Con un fenómeno de El Niño menos intenso de lo que se esperaba hace medio año, el foco de atención sobre la administración de la presidenta Dina Boluarte ha pasado a enfocarse en sus dos grandes pendientes: la economía y la seguridad ciudadana. En el primer frente, la reactivación económica anunciada por el gobierno es debatible. Hay indicadores de los últimos meses –como la producción eléctrica o la inversión pública– que ciertamente apuntan a una recuperación; pero otros –como las exportaciones no tradicionales o el volumen de créditos– van en dirección opuesta. La tendencia no es clara aún.
En el segundo frente, sin embargo, no hay espacio para mayor debate. El Gobierno –y con él todos los ciudadanos– viene perdiendo la batalla contra la delincuencia común y la organizada. Ayer, en estas páginas se publicó la última encuesta de Datum Internacional para El Comercio en la que se halló que solo uno de cada siete peruanos se siente seguro en su ciudad. La cifra es aún peor entre mujeres (solo una de cada diez) y, en Lima, el 92% dice que se siente inseguro.
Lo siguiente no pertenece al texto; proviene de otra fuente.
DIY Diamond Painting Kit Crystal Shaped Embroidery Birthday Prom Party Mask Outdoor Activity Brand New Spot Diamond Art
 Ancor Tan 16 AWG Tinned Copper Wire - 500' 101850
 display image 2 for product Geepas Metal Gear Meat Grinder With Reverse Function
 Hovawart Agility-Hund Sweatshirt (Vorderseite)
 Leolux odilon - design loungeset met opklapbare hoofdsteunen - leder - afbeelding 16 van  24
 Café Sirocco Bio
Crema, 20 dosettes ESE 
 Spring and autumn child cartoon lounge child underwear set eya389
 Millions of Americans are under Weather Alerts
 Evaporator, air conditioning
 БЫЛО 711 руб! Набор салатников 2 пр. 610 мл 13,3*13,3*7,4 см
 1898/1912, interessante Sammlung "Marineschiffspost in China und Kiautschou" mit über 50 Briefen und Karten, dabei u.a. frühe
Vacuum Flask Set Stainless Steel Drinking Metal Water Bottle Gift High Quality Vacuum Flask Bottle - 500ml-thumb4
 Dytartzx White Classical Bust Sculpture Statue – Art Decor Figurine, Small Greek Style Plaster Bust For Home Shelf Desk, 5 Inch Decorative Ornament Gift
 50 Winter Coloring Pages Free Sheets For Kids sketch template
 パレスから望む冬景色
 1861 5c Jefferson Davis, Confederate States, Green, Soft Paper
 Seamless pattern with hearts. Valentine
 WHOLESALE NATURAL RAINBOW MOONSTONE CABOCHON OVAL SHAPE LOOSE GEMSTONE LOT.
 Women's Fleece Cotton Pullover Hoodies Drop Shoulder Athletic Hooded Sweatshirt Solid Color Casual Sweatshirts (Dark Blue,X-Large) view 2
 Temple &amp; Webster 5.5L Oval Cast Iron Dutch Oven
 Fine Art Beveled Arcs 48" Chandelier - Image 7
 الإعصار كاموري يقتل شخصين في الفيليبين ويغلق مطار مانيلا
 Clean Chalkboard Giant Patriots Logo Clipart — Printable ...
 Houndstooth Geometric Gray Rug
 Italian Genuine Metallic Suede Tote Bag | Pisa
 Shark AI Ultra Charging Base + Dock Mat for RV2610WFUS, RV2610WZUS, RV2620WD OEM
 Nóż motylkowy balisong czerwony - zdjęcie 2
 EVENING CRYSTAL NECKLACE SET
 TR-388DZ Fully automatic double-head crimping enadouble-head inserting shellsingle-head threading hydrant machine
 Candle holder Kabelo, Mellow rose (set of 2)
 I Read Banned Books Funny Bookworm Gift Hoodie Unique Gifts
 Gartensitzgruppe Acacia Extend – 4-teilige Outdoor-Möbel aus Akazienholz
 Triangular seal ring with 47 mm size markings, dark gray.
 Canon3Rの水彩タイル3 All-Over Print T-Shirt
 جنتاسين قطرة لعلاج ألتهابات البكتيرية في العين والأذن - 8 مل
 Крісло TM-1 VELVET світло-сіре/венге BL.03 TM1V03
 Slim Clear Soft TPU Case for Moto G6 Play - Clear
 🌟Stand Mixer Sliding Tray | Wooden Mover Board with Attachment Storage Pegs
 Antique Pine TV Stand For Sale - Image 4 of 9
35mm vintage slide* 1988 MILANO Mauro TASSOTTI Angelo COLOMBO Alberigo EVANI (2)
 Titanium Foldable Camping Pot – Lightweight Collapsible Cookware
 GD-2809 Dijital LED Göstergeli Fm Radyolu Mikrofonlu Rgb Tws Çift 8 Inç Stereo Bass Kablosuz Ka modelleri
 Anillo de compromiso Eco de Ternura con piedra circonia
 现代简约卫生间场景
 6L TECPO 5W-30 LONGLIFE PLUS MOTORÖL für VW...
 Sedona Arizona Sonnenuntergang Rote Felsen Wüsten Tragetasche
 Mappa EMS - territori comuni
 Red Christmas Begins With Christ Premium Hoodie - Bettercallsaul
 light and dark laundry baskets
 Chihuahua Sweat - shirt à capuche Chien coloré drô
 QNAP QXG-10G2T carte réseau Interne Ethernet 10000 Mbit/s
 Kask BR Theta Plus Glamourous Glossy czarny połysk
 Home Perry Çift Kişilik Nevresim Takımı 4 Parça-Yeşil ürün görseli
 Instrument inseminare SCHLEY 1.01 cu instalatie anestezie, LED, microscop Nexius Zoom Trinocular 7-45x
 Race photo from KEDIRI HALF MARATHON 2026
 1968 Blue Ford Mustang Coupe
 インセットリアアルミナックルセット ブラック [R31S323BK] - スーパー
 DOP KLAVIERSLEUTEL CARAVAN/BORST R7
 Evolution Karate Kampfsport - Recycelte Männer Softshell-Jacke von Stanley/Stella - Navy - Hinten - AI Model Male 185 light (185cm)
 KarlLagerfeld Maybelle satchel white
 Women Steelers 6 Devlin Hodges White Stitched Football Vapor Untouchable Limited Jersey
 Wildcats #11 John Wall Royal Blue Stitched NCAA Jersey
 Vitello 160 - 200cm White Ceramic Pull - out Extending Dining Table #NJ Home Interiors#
La sensación de vulnerabilidad está más que justificada. Cada día aparecen nuevas estadísticas, videos de seguridad y reportes policiales confirman la escalada de violencia que vive el país. Asesinatos a plena luz del día, aumentos de secuestros, cupos en diversos sectores antes libres de extorsión, violentos ataques en zonas mineras formales e informales, entre otros, se han convertido en parte del panorama cotidiano. Apenas hace una semana, el distrito limeño de Puente Piedra fue escenario de siete asesinatos en menos de 24 horas.
Por ello fue una decepción la decisión de Boluarte y del nuevo titular de la Presidencia del Consejo de Ministros (PCM), Gustavo Adrianzén, de mantener a todos los ministros en sus puestos tras la salida de Alberto Otárola de la jefatura del Gabinete. Como mencionamos en el editorial del jueves pasado, Víctor Torres, cabeza del Ministerio del Interior, es una figura que merecía ser reemplazada en esa oportunidad, y sin embargo permanece con fajín. A finales de febrero, Torres, incómodo por las consultas de los periodistas sobre la falta de reacción de su ministerio, pidió a los medios de comunicación que, más allá de enfocarse en la ola de crímenes en varias ciudades, “den a conocer a la ciudadanía las buenas acciones” de la policía. Aparte de lo inapropiado, el pedido de Torres grafica con cierta claridad la desorientación de su liderazgo.
Ante la pasividad del Ejecutivo, el Congreso ha dado los primeros pasos para la censura de Torres con dos mociones de interpelación. Los cuestionamientos de los parlamentarios giran alrededor del fracaso en la lucha contra la inseguridad ciudadana (a pesar de numerosos anuncios de planes en ejecución y estados de emergencia ubicuos), las malas condiciones de la vigilancia en zona de frontera, y las políticas de ascensos y pases a retiro en la policía, solo por mencionar algunas preocupaciones.
Lo que ha conseguido la actual administración, en realidad, es que el miedo sea una constante para la gran mayoría de ciudadanos, independientemente de su región, edad o condición económica. El Estado tiene a su disposición la fuerza, los recursos y la legitimidad suficiente para tomar medidas más inteligentes y efectivas contra la creciente delincuencia.
De lo contrario, la escalada de violencia puede desbordarse aún más. Pero sin liderazgo y determinación al más alto nivel –desde Palacio de Gobierno hasta los altos mandos de la PNP, pasando por el Ministerio del Interior–, la proporción de personas que se sienten inseguras en sus propias calles solo irá en aumento.